Animals have control over their bladders and rectums just like us.

In fact, I dare say they have more control than a 2 year old. Just because a dog is a dog is a dog in a cafe, does not mean that the dog will just urinate or poop whenever it can. Please, dogs need some downtime from defaecation and excretion like the rest of us humans. People just think they are like, shit machines or something.

Some people are uncomfortable seeing dogs unleashed in the vicinity. Hell, I'm uncomfortable seeing babies unleashed in my immediate 10 metre radius and I'm not complaining. Do babies have rights? Sure. Do I have the right to feel comfortable? Yes, but I'm not expecting anyone to bend over backwards just because I'm uncomfortable. Because I respect the parents of the thing, and its rights, and most of all, I accept that I'm not the Center of the Universe. Certainly, if your baby is violent and loud and annoying, you shouldn't be taking it out to the park to terrorise members of the public? Similarly if your dog is badly behaved and vicious, you shouldn't let him loose unleashed.

If anything, I have faith in that most dog owners are responsible this way. I've seen dogs dining with their families al fresco, and usually in the corners away from people. Surely there are sore thumbs, and these people give dog owners a bad name.
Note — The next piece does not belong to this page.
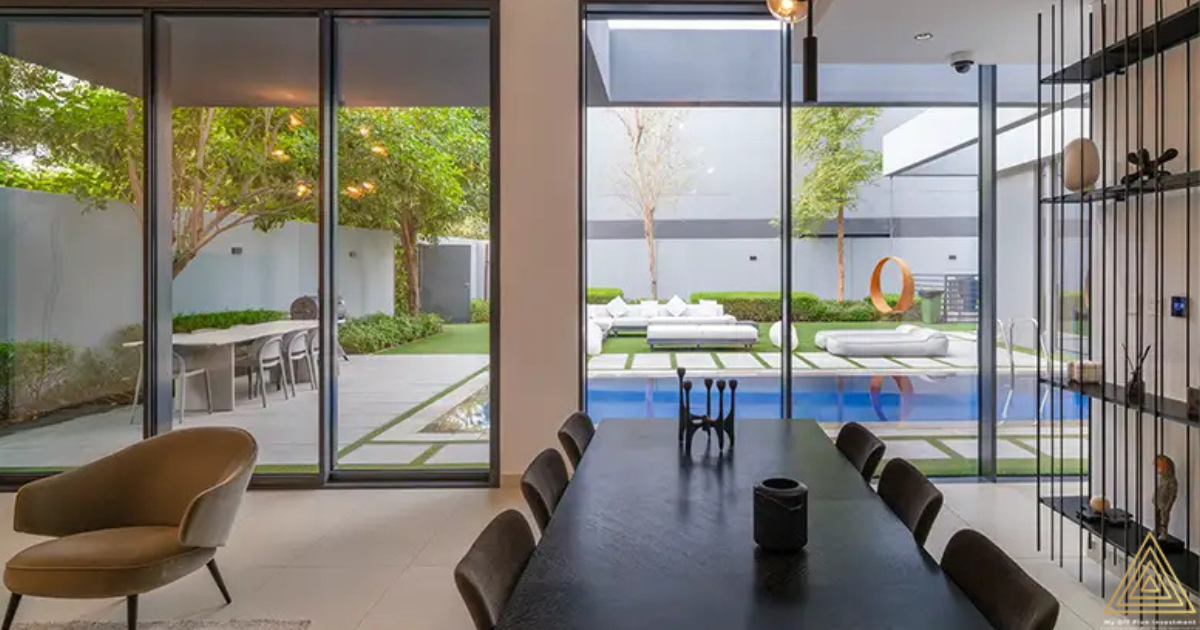 Laura-at-Masaar-3-by-Arada-3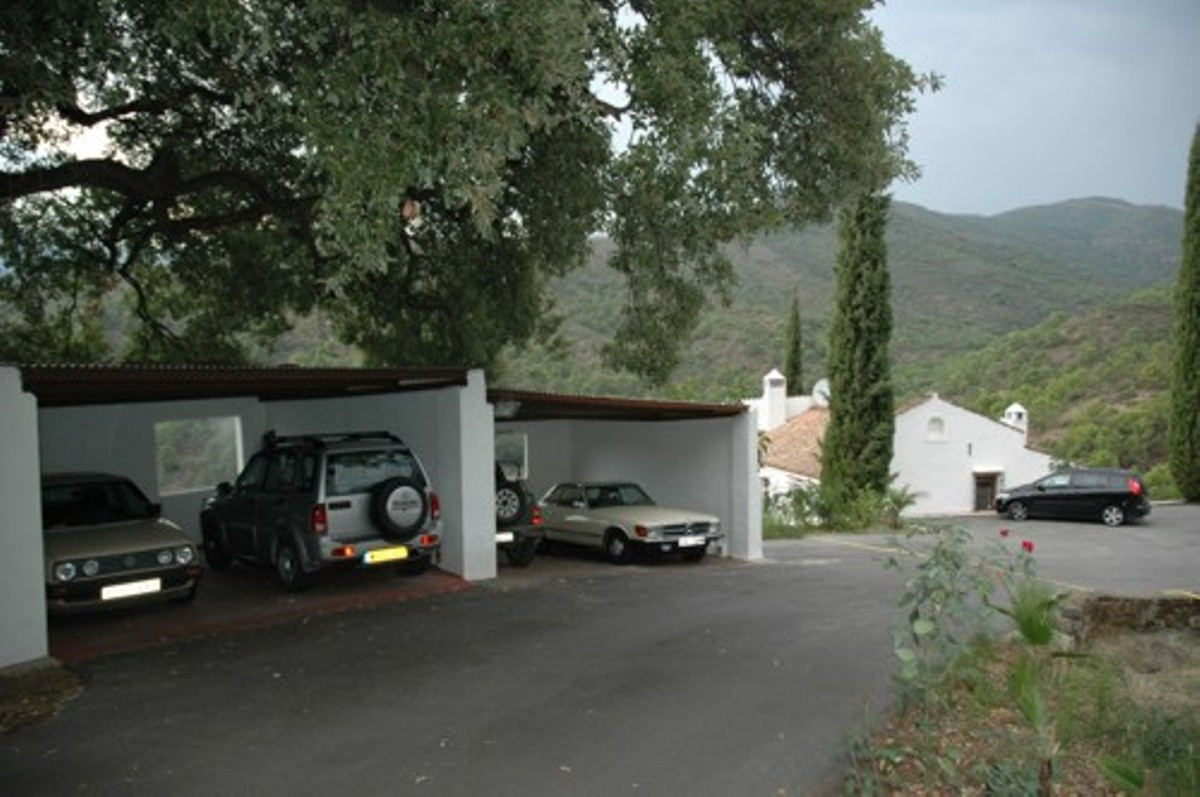 Finca - Cortijo te koop in Estepona | 5 slaapkamers H3162982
But then I blame the citizenry whom, from isolated exceptional cases, establish the premise that all dogs are therefore, dangerous, dirty and just, well, scary. It's become almost like a witch hunt not unlike those centuries ago, where one would hear the refrain of "stone them all!" reverberate in the air.

And it just saddens me further that the authorities plainly set laws to placate the noise-makers, instead of attempting to reason or engage everyone else in these issues.

We whine about being paternalistic, a nanny state; but isn't it these noise-makers that almost always ask to be nannied? "Will the authorities do something about this and that..." etc.

When will we see the day where a forum letter says "Hey we all need to start doing this and this to help make things better" without the tune of a nannying request?

3 comments:

Anonymous said...

funny post.

Anonymous said...

But you're, like, how hot, can?

budak said...

think it's partly the media's fault too.. they try to be 'balanced', presenting both the stridently virulent views and softer moderates as if both were equally valid.